▶ What the task asks: Shown below are entries with pictures; the line with "Sleep Inn Post Falls::Expedia" through the line with "Check Inn Hotel - map" is the span to retype exactly, and the pictures stay out.

▶ Data extract:

□ □ □ □ □ □ □

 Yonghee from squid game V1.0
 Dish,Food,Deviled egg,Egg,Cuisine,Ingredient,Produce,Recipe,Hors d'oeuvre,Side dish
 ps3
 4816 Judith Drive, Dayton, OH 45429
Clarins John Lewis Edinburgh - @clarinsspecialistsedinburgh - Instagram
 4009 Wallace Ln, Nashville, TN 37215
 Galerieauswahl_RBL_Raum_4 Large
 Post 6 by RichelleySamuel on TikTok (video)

□ □ □ □ □ □ □

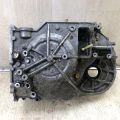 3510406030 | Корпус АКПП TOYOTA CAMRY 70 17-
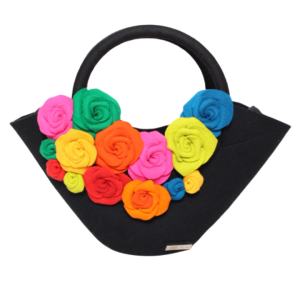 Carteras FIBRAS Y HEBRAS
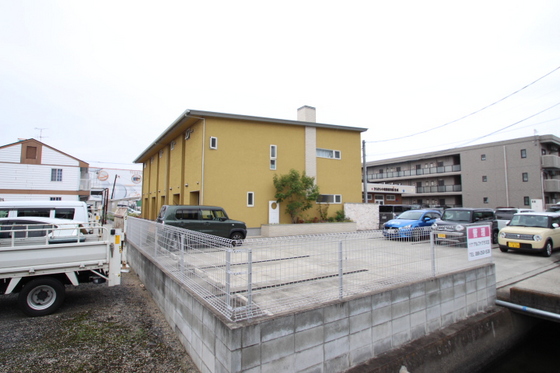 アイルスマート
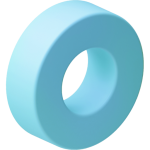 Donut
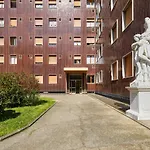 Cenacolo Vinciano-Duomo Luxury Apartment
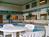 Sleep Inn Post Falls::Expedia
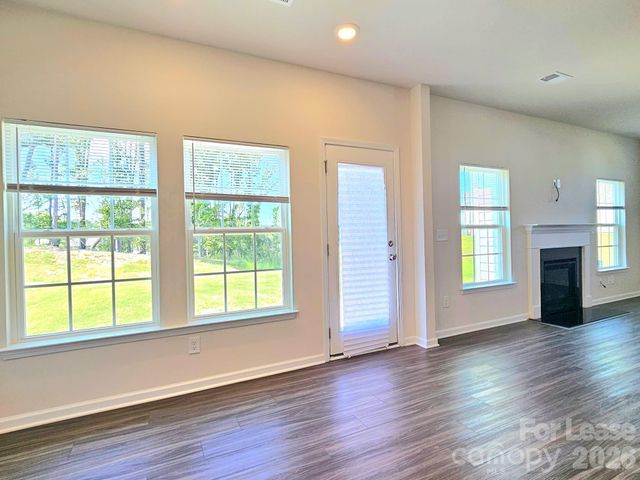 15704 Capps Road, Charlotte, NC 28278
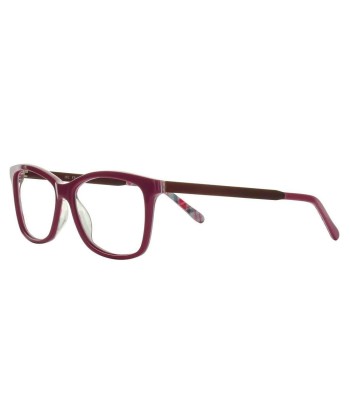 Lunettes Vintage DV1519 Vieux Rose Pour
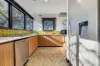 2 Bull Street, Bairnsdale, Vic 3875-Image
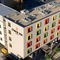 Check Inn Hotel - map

□ □ □ □ □ □ □

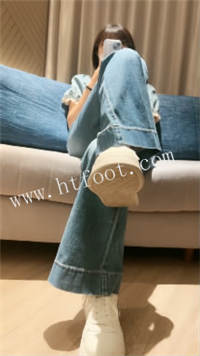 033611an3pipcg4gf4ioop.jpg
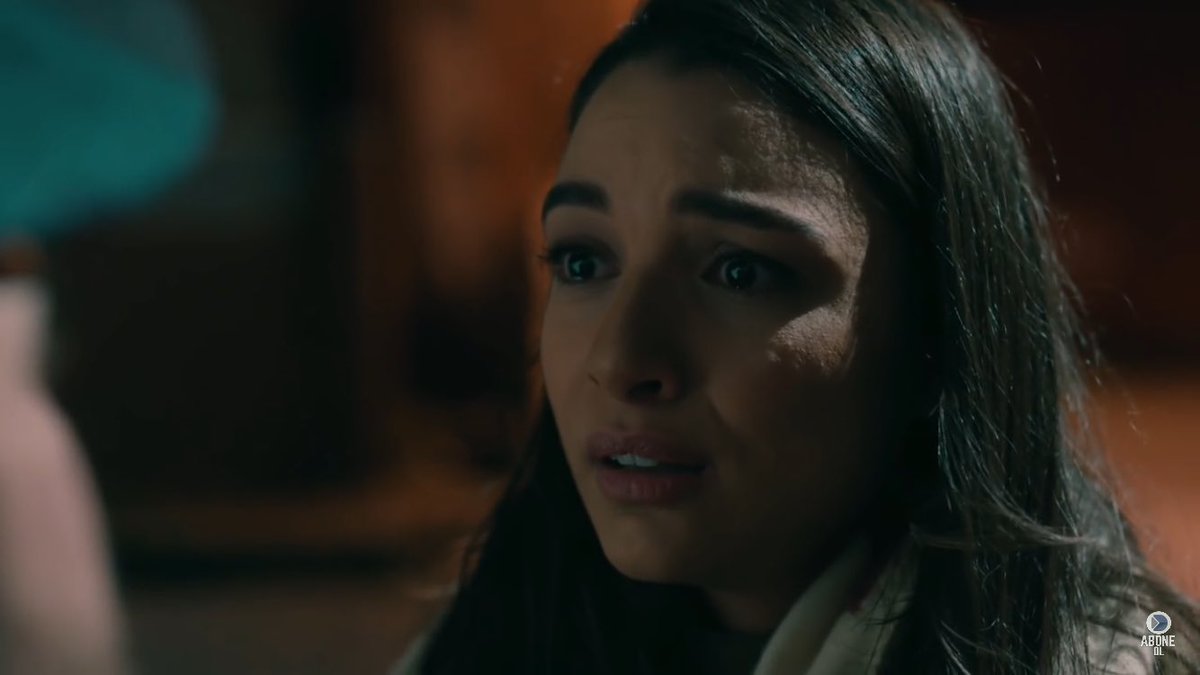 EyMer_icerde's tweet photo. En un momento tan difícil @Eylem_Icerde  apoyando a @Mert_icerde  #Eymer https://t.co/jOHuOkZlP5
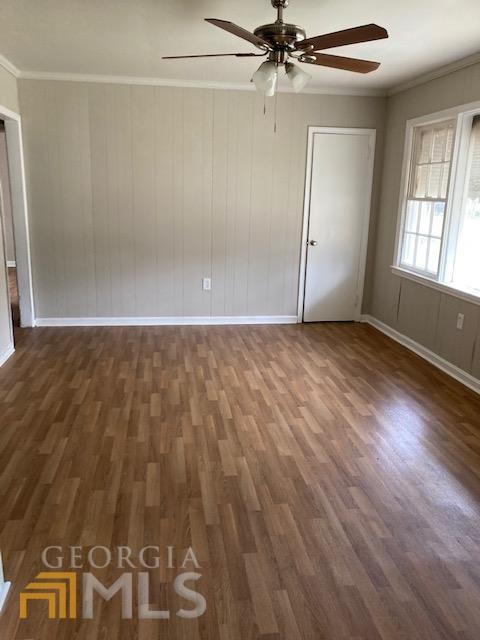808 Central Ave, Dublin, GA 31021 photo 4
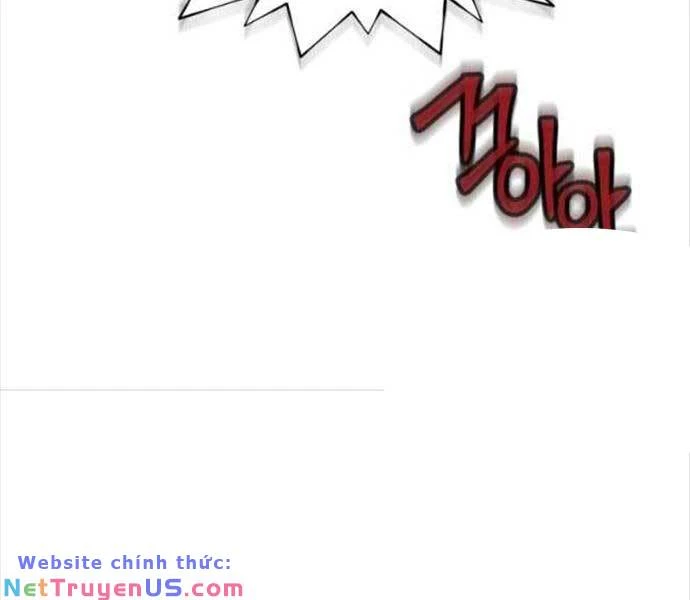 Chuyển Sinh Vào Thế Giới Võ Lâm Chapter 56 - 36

□ □ □ □ □ □ □

▶ Task solution:
 Sleep Inn Post Falls::Expedia
 15704 Capps Road, Charlotte, NC 28278
 Lunettes Vintage DV1519 Vieux Rose Pour
 2 Bull Street, Bairnsdale, Vic 3875-Image
 Check Inn Hotel - map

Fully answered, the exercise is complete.